Gravity and Curves in Space

Factual Questions
21

I began to understand this when someone explained to me that space being “curved” is actually a bad description. Going back to the sheet analogy, you notice that the gravity well has concentric rings, which would correspond to the orbit of a satellite or other object. The object revolves round and round, but in the relativistic sense, it’s actually going in the only direction it can go. It’s moving perfectly “straight” relative to the gravitational field. We see it as curved because gravitational fields don’t enter into casual observation.

Or, to put it a different way… in a classical sense, an object can only move in a curved path when there is some force upon it. In the relativistic model, mass causes space to “curve”, so orbiting objects appear to travel a curved path even when no force affects them.

22

There’s a very precise meaning to curvature in mathematics. Most other descriptions are only analogies to help visualization. If two observers are moving in exactly the same direction and they get closer or further away from each other then space is intrinsically curved.

Don’t consider space to be extrinsically curved into some other dimension, instead, just think of the intrinsic structure of space as being warped. If parallel lines converge or diverge there must be something internal to spacetime that causes this. We call this thing curvature.

23

Thank you all for your kind answers. I wish I could say they helped me. I just can’t seem to get an analogy that resonates an actual meaning for me. I can parrot back the words, but I don’t actually understand them. This is my problem, not yours. I’m pretty limited - to three dimensions and Euclidian geometry. I did well in first and second year calculus, but never really understood its application to the real world. I guess I’m like a fourth grader who just can’t grasp fractions, except my block comes later. FWIW, as I mentioned earlier, I have this problem with a few other areas too.

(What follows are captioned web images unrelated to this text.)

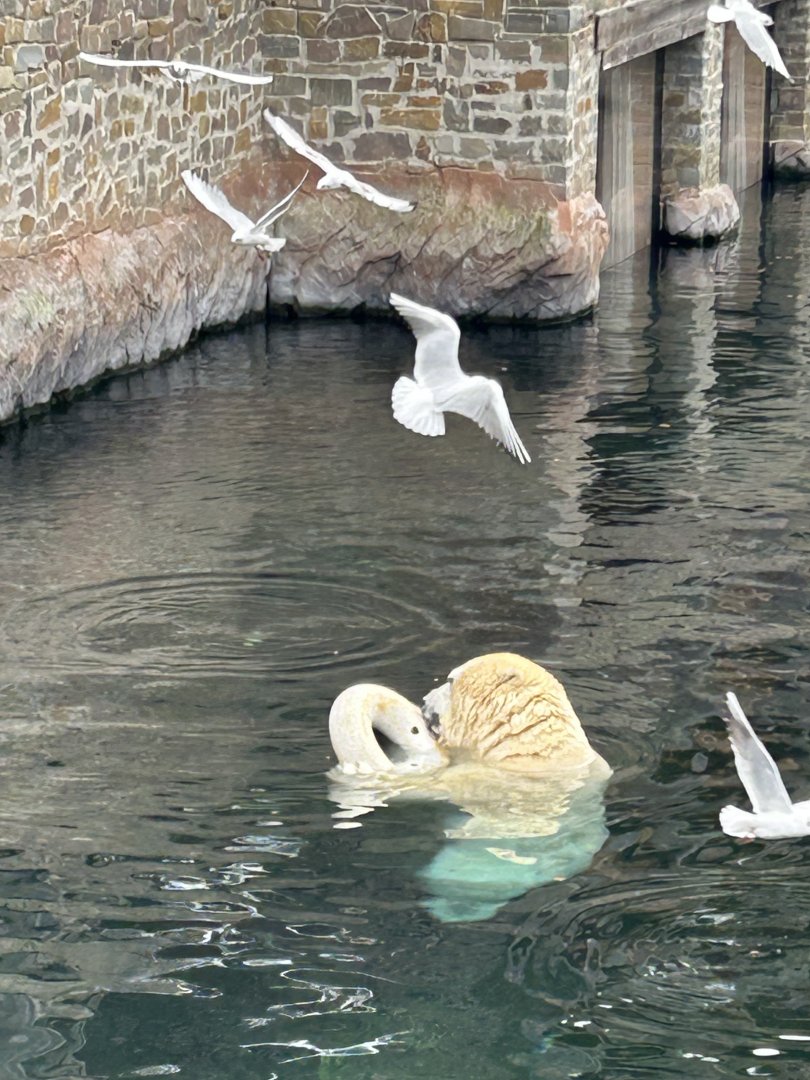 Polar bear playing in the water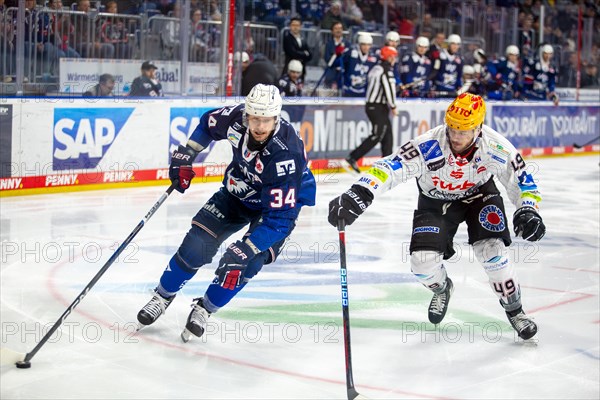 Game scene Adler Mannheim against Fischtown Pinguins Bremerhaven (PENNY DEL, German Ice Hockey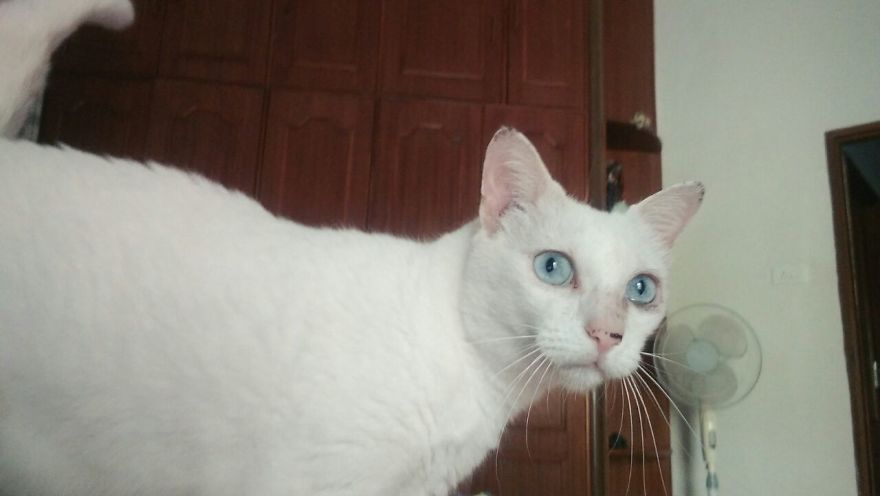 The Story Of April - The Warrior Cat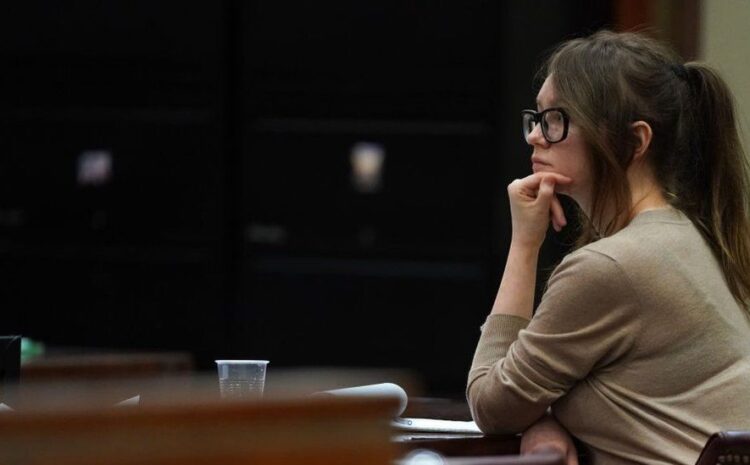 Netflix and Anna Delvey: The race to secure the story of New York’s ‘fake heiress’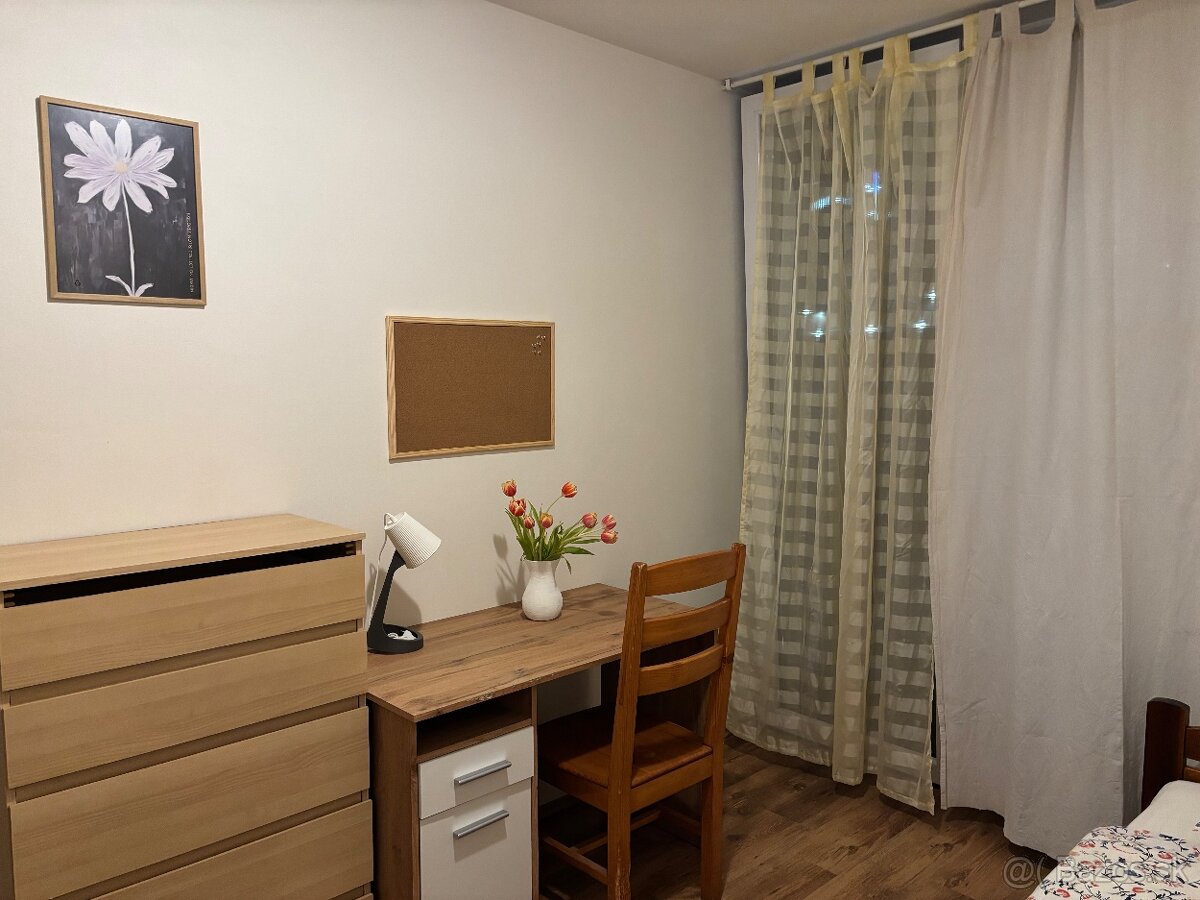 Prenajmem peknu izbu vo veľkom byte s terasou - 3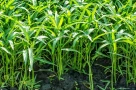 Rau muống có phải là “vua của các loại chất độc”?
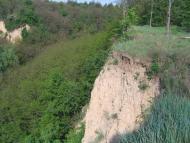 Великі Дмитровичі з panoramio.com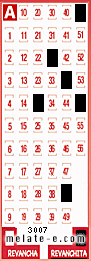 Volante ganador del sorteo 3007 de Revanchita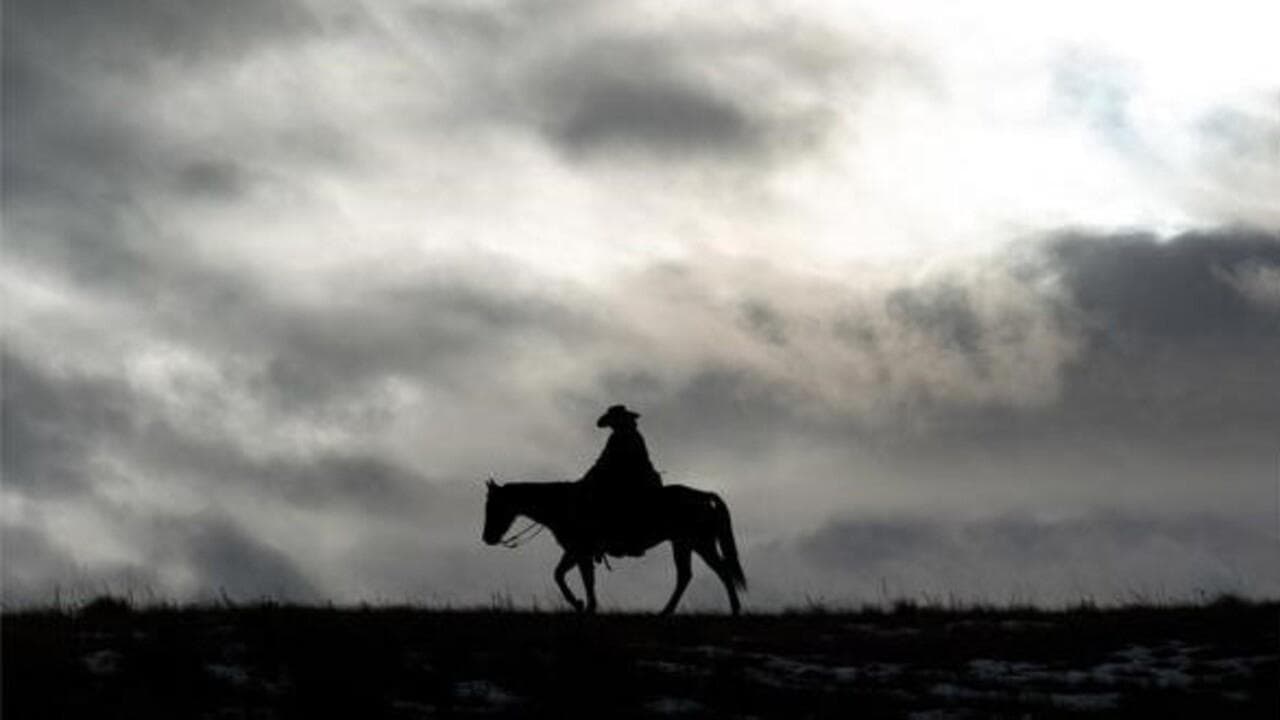 Bring on the Dancing Horses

Once again, thank you very much for your attempts, and I hope others less blocked in this area than I am will have benefitted from this thread.

24

There is a fundamental problem with the rubber-sheet analogy. Before applying the bowling ball draw a regular grid pattern on the sheet. Chuck in the bowling ball. Once you have done Mathochist’s projection so that you’re no longer looking at a trumpet shape but at a flat surface with a (now) distorted grid around the shadow of the ball. Now place the golf ball on the projected grid. It is on a flat surface, why should it move? The (3D) picture they always use implies that the golf ball will roll towards the bowling ball, downhill :smack: The distorted grid does suggest that if the golf ball moves then its path will be affected by the bowling ball’s presence (it may go into orbit) but what if it’s just sitting there? What’s missing from the explanation that always seems to be used is that the golf ball is moving – through time, doesn’t have much choice about that. Take away time and gravity stops working. Stupid rubber sheet pictures never seem to point that out.

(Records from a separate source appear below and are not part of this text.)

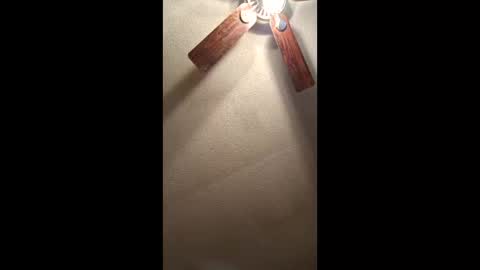 Vols online show from January 11, 1:28 pm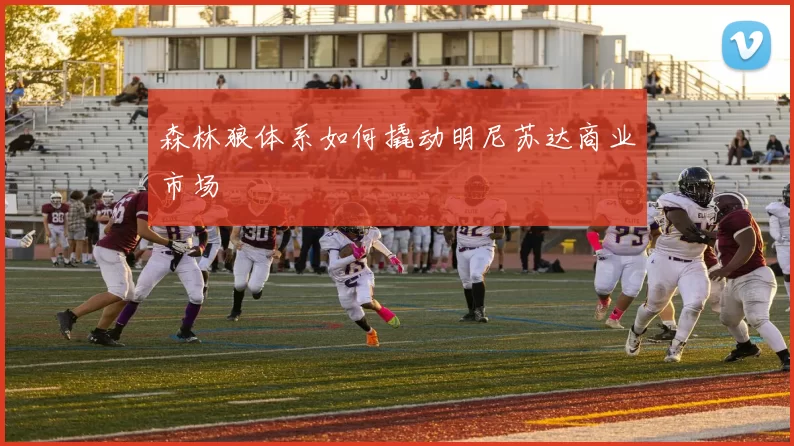 森林狼体系如何撬动明尼苏达商业市场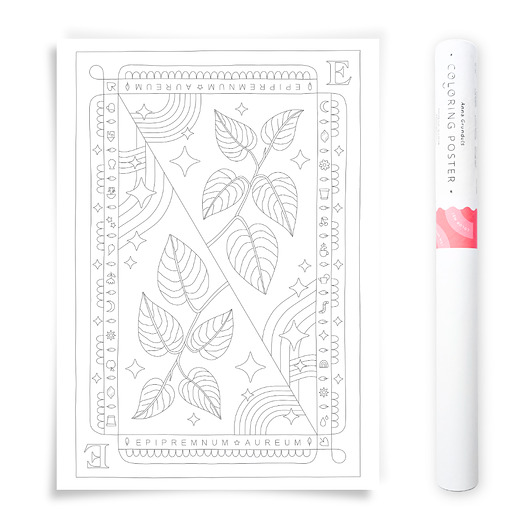 plakaty Plakat do Kolorowania Roślina Doniczkowa Epipremnum 50x70cm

Quietly waiting to find out just how wrong that is.

25

Yeah, I actually hate the rubber-sheet analogy, or at least the way it’s often presented, for just the reasons you point out: it completely misleadingly makes it seem as though one is invoking some kind of meta-gravity at a level which pulls the bowling ball into the rubber sheet and then the golf ball into the resulting indentation; the confusion is particularly dangerous as it doesn’t manifest its incoherence immediately, and thus people are apt to walk away from the analogy thinking they understand at some level, when the picture they’ve got is still not yet anywhere near right.

26

Well, I don’t know if I actually can add anything to this discussion, but that’s never stopped me from trying… :slight_smile:
I think that at the heart of this confusion lies the misunderstanding of intrinsic curvature, and the mistaken assumption that it is equivalent to an extrinsic curvature (I don’t know if this terminology is actually used) in a higher dimensional space.
Take, for instance, an A4 sheet of paper. It’s flat, as one can easily demonstrate by drawing all sorts of triangles and parallels on it, with 180 degree angle sums and parallels that always stay nicely away from each other.
Now you can do all sorts of things to that piece of paper, like for instance rolling it up into a cylinder, or some kind of U-shape, and those geometric figures you just drew won’t change, regardless of how you bend that paper through three dimensional space, because it doesn’t stretch (observably much). That’s what’s meant by a flat, two dimensional surface. What’s important here, I should point out again, is that this behaviour is simply because of the fact that the piece of paper isn’t intrinsically curved, regardless of its curvature in 3d space, so you can just as well do away with the latter. It’s a characteristic of the paper to be not curved, not one that has anything to do with whatever space it is embedded in.
But there’s one thing you can’t do to that piece of paper, and that’s bend it into a surface that does have an intrinsic curvature, like for instance that of a sphere – that’s why all maps are distorted, for instance. Yet, the surface of a sphere is just as two dimensional as the piece of paper is, and just as independently so from the space it’s embedded in. You can describe it without having to say anything about the ‘surrounding’ space, and you’re not omitting anything. But on that surface, you can’t draw a triangle with an angle sum of 180 degrees, and, for instance, if you start at the equator, and draw a line at a right angle to that (going north, for instance), and then start another line like that somewhere to the side of the first one, they obviously will meet (at the north pole), despite being locally parallel. That’s the property of intrinsic curvature, which doesn’t need any talk about being embedded in higher dimensional space.
But if that’s true for two dimensional spaces, then, via applying dimensional analogy, one can easily infer it being true for three dimensional space, even though it’s not easy to be visualized, which is where all those – usually not terribly good – analogies of rubber sheets and inflating balloons and the like stem from.
To employ one of those analogies for a minute nevertheless, imagine you were a two-dimensional being living on a sheet of paper; you only know the concepts of left, right, forward, and backward. It’s usually said that these beings lack the ability to tell if they’re on a curved surface or not because they lack the concepts of up and down, but that’s not so; they are perfectly able to tell whether or not they live on a curved surface without those concepts, using only what is familiar to them – by, say, drawing a triangle and measuring its angles. The intrinsic curvature is completely independent of the concepts of up and down, and indeed, they need not even exist.
And just the same goes for three dimensions.

27

Wait a second, I had a glimmer here. Let me propose a model, just for space, and see if it’s an adequate one.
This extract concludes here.